* EXTRACTED INFORMATION *

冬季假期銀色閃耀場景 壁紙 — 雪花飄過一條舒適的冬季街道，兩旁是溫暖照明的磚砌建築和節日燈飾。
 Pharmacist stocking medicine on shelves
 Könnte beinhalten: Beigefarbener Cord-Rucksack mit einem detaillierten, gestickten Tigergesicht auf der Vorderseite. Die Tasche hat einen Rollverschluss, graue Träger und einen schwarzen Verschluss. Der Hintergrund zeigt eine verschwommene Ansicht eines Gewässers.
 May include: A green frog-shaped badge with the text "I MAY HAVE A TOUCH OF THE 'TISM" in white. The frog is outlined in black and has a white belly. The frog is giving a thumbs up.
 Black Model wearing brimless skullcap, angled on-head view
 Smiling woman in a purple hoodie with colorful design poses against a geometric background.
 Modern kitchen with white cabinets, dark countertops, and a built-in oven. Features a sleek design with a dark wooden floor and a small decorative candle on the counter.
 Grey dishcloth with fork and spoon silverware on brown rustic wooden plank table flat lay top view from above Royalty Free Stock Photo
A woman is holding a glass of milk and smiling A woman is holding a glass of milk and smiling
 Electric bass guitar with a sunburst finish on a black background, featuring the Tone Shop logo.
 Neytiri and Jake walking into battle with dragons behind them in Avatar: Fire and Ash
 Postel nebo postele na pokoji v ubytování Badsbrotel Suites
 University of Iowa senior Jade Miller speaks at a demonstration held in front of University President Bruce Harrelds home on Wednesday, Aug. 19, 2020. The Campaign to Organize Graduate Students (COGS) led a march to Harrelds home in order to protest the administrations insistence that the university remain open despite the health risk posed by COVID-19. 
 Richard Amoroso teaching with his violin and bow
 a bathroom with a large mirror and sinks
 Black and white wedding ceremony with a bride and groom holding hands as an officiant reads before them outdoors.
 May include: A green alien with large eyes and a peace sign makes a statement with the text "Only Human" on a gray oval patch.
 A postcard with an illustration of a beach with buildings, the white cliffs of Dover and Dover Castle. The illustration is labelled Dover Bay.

* WHAT TO DO *
From the first line to the last, return the records unchanged.

* RESPONSE FOR THIS EXERCISE *
冬季假期銀色閃耀場景 壁紙 — 雪花飄過一條舒適的冬季街道，兩旁是溫暖照明的磚砌建築和節日燈飾。
 Pharmacist stocking medicine on shelves
 Könnte beinhalten: Beigefarbener Cord-Rucksack mit einem detaillierten, gestickten Tigergesicht auf der Vorderseite. Die Tasche hat einen Rollverschluss, graue Träger und einen schwarzen Verschluss. Der Hintergrund zeigt eine verschwommene Ansicht eines Gewässers.
 May include: A green frog-shaped badge with the text "I MAY HAVE A TOUCH OF THE 'TISM" in white. The frog is outlined in black and has a white belly. The frog is giving a thumbs up.
 Black Model wearing brimless skullcap, angled on-head view
 Smiling woman in a purple hoodie with colorful design poses against a geometric background.
 Modern kitchen with white cabinets, dark countertops, and a built-in oven. Features a sleek design with a dark wooden floor and a small decorative candle on the counter.
 Grey dishcloth with fork and spoon silverware on brown rustic wooden plank table flat lay top view from above Royalty Free Stock Photo
A woman is holding a glass of milk and smiling A woman is holding a glass of milk and smiling
 Electric bass guitar with a sunburst finish on a black background, featuring the Tone Shop logo.
 Neytiri and Jake walking into battle with dragons behind them in Avatar: Fire and Ash
 Postel nebo postele na pokoji v ubytování Badsbrotel Suites
 University of Iowa senior Jade Miller speaks at a demonstration held in front of University President Bruce Harrelds home on Wednesday, Aug. 19, 2020. The Campaign to Organize Graduate Students (COGS) led a march to Harrelds home in order to protest the administrations insistence that the university remain open despite the health risk posed by COVID-19. 
 Richard Amoroso teaching with his violin and bow
 a bathroom with a large mirror and sinks
 Black and white wedding ceremony with a bride and groom holding hands as an officiant reads before them outdoors.
 May include: A green alien with large eyes and a peace sign makes a statement with the text "Only Human" on a gray oval patch.
 A postcard with an illustration of a beach with buildings, the white cliffs of Dover and Dover Castle. The illustration is labelled Dover Bay.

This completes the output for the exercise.